I have made another progress yesterday:
Splitting the monolithic source code into
meaningful pieces is done.
It will follow in the next mail.

> Yes, please share your plan.  Anything that can simplify the code layout
> is best done earlier to simplfy code review.
Sorry, should have been done in earlier stage.

First, I reply to each of your comments.

> OK, but the thing is upper level consumers in the IO stack, like ext4,
> expect that when the REQ_FLUSH completes that the device has in fact
> flushed any transient state in memory.  So I'm not seeing how handling
> these lazily is an option.  Though I do appreciate that dm-cache (and
> dm-thin) do take similar approaches.  Would like to get Joe Thornber's
> insight here.
When the upper level consumers receives
the completion of bio with REQ_FLUSH sent
all the transient states are persistent.
writeboost do four steps to accomplish this:
1. queue the flush job with the current transient state (RAM buffer).
2. wait for the completion of the flush job to be written in cache device.
3. blkdev_issue_flush() to the cache device to make all the writes persistent.
4. bio_endio() to the said flagged bios.

If the implementation isn't wrong
It could be working as the consumers expect is what I believe.

> These seem reasonable to me.  Will need to have a look at thread naming
> to make sure the names reflect they are part of a dm-writeboost service.
I change former "Cache Synchronizer" to "Dirty Synchronizer"
but it sounds little bit odd still.
Naming is truly difficult.

> You don't allow user to specify the "segment size"?  I'd expect tuning
> that could be important based on the underlying storage capabilities
> (e.g. having the segment size match that of the SSD's erase block or
> matching the backing device's full stripe width?).  SO something similar
> to what we have in dm-cache's blocksize.
For the current implementation, No.
The segment size is hard-coded in the source code and
one has to re-compile the module to change the segment size.

But hard-coding the size has reasonable background
for performance and simplification.

Please look at the code fragment from .map method which does
(1) writeboost first sees hit/miss.
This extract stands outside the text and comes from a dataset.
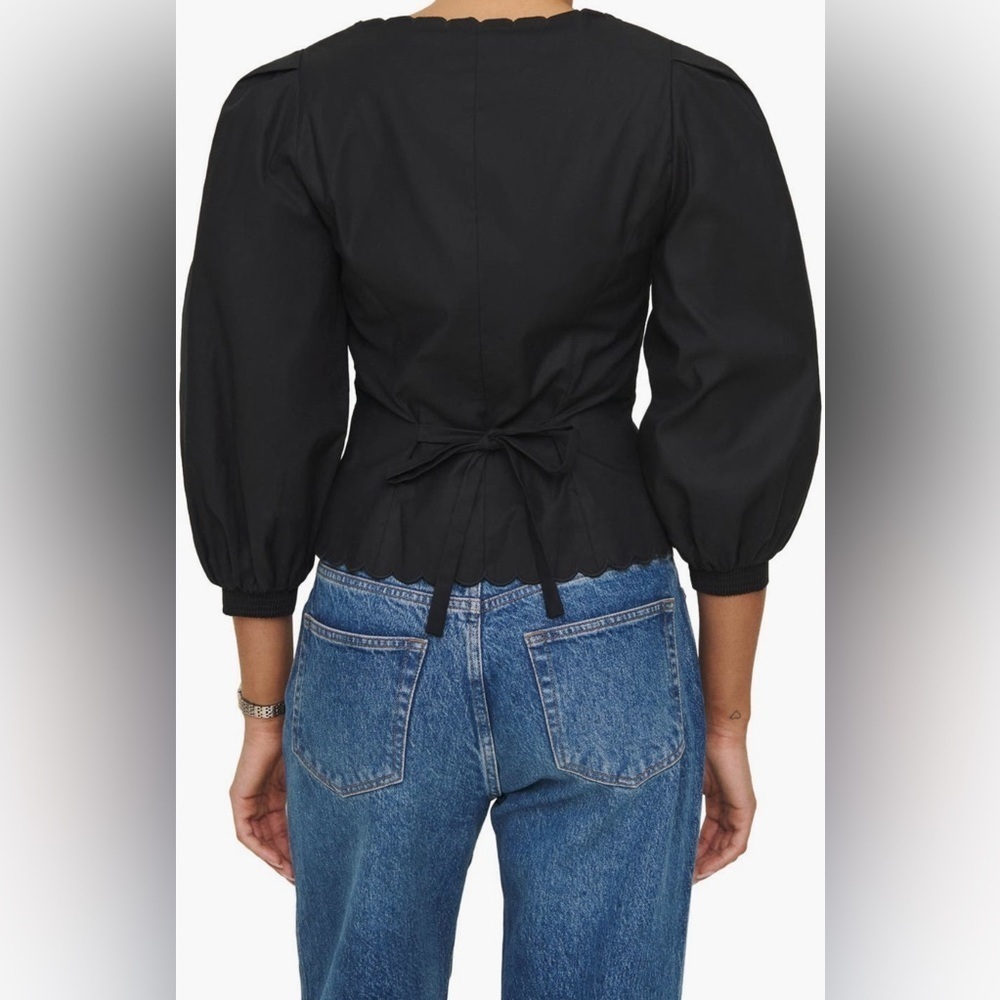 Reformation Black Scallop-Edge Button Front Blouse - Picture 4 of 13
Get metablock (mb).
(2) And then have to get the segment_header "logically" containing the metablock.

        mb = ht_lookup(cache, head, &key); // (1)
        if (mb) {
                seg = ((void *) mb) - (mb->idx % NR_CACHES_INSEG) * // (2)
                                      sizeof(struct metablock);
                atomic_inc(&seg->nr_inflight_ios);
        }

#define NR_CACHES_INSEG ((1 << (WB_SEGMENTSIZE_ORDER - 3)) - 1)

(3)
struct segment_header {
        struct metablock mb_array[NR_CACHES_INSEG];

In the current implementation
I place metablocks especially "physically" in the segment header (3)
so calculation of the segment header containing the metablock
is a just a simple address calculation which performs good.
Since writeboost focuses on the peak write performance
the light-weighted lookup is the lifeline.

If I re-design writeboost to accept segment size in .ctr
this technique will be impossible
since knowing NR_CACHES_INSEG before accepting it is impossible.

It is just a matter of tradeoff.

But probably,
having purged cache-sharing gave me some another chance of
fancy technique to do the same thing with reasonable overhead
and code complexity. I will try to think of it.
I know forcing re-compiling the kernel
to the ordinary users sounds harsh.

> I'll look at the code but it strikes me as odd that the first sector of
> the cache device is checked yet the last sector of the first MB of the
> cache is wher ethe superblock resides.  I'd think you'd want to have the
> check on whether to format or not to be the same location as the
> superblock?
The first sector of the first 1MB is called Superblock Header and
the last sector of the first 1MB is called Superblock Record.
The former contains information fixed at initialization and
the latter contains information updated runtime
by Superblock Recorder daemon.

The latter is also checked in initialization step.
The logic is in recover_cache().
If it contains `last_migrated_segment_id` updated,
the time for recover_cache() becomes short.

> So this "<16 stat info (r/w)", is that like /proc/diskstats ?  Are you
> aware that dm-stats exists now and can be used instead of needing to
> tracking these stats in dm-writeboost?
Sort of.
But the difference is that
these information is relevant to
how a bio went through the path in writeboost.
They are like "read hits", "read misses" ... in dm-cache status.
So I don't think I need to discard it.

I read through the document of statistics
https://lwn.net/Articles/566273/
and I understand the dm-stats only surveils the
external I/O statistics
but not the internal conditional branch in detail.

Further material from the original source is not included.